START DATA FOR REVIEW

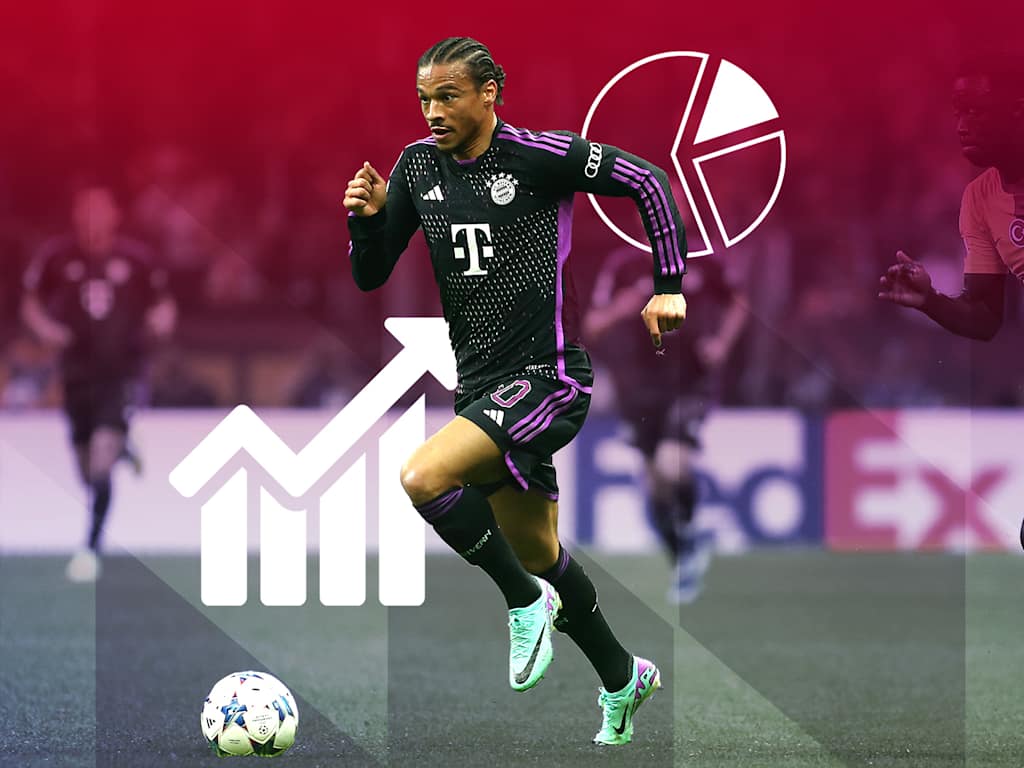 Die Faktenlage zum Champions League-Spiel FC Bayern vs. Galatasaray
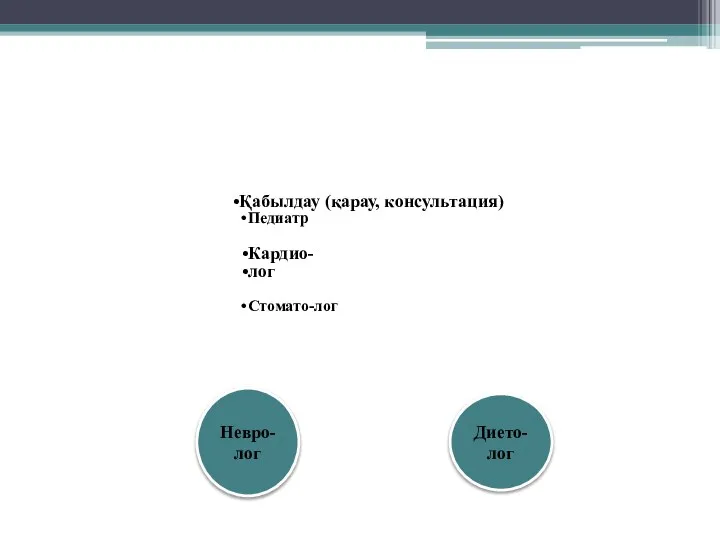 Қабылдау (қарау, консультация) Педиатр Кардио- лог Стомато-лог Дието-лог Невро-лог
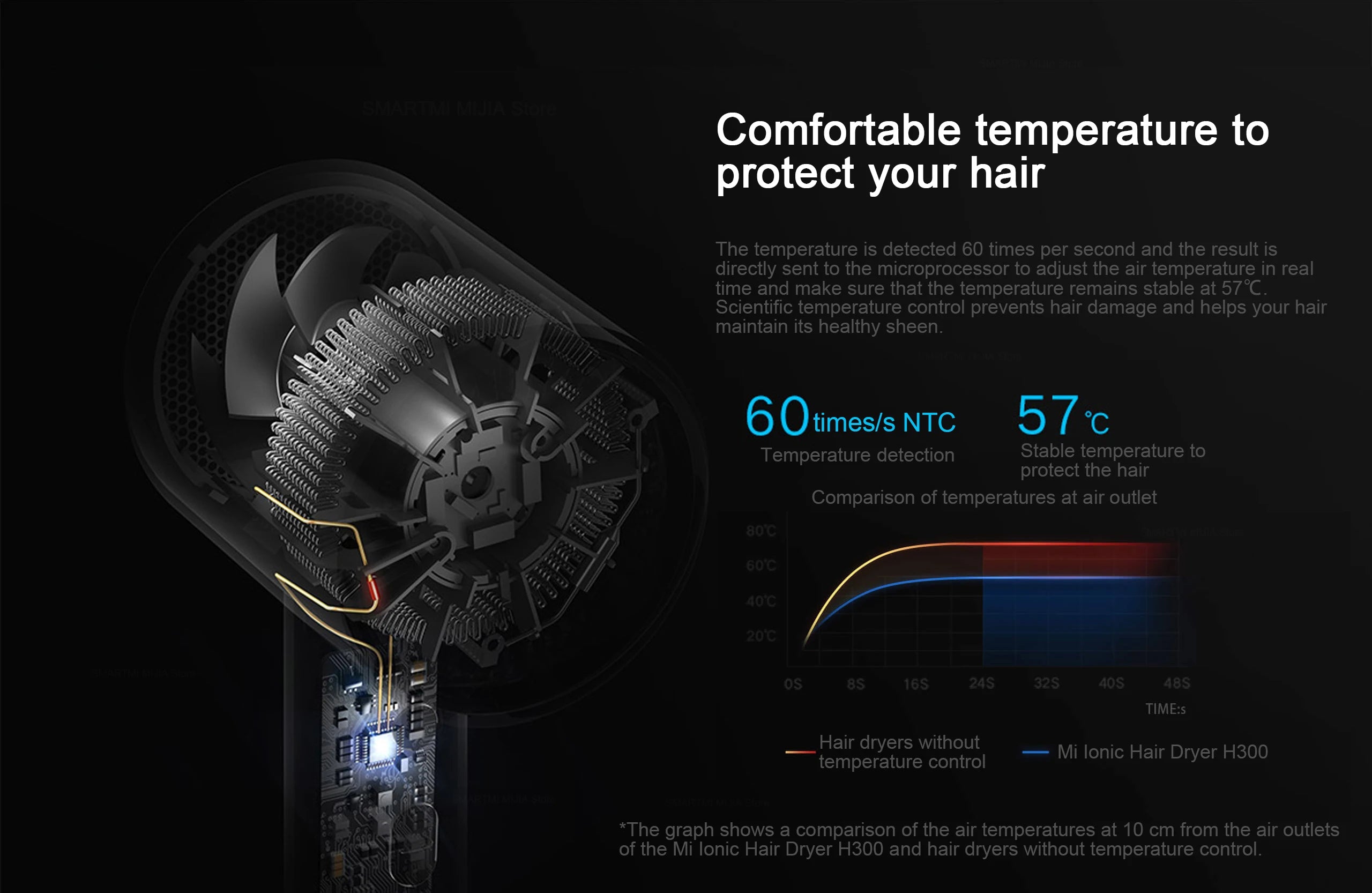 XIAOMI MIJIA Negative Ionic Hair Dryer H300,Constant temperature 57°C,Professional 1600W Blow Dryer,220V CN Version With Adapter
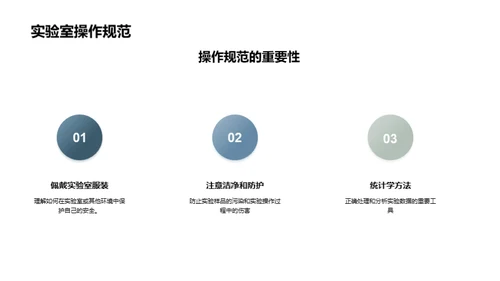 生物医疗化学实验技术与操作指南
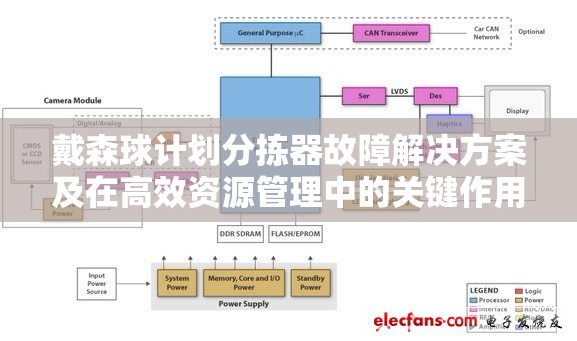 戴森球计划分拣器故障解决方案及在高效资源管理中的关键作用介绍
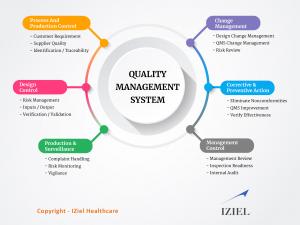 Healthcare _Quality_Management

END DATA FOR REVIEW

▸ WHAT YOU NEED TO DO: All of the material above must be retyped exactly, line for line, with the images dropped.

▸ ANSWER FOR THIS EXERCISE:
 Die Faktenlage zum Champions League-Spiel FC Bayern vs. Galatasaray
 Қабылдау (қарау, консультация) Педиатр Кардио- лог Стомато-лог Дието-лог Невро-лог
 XIAOMI MIJIA Negative Ionic Hair Dryer H300,Constant temperature 57°C,Professional 1600W Blow Dryer,220V CN Version With Adapter
 生物医疗化学实验技术与操作指南
 戴森球计划分拣器故障解决方案及在高效资源管理中的关键作用介绍
 Healthcare _Quality_Management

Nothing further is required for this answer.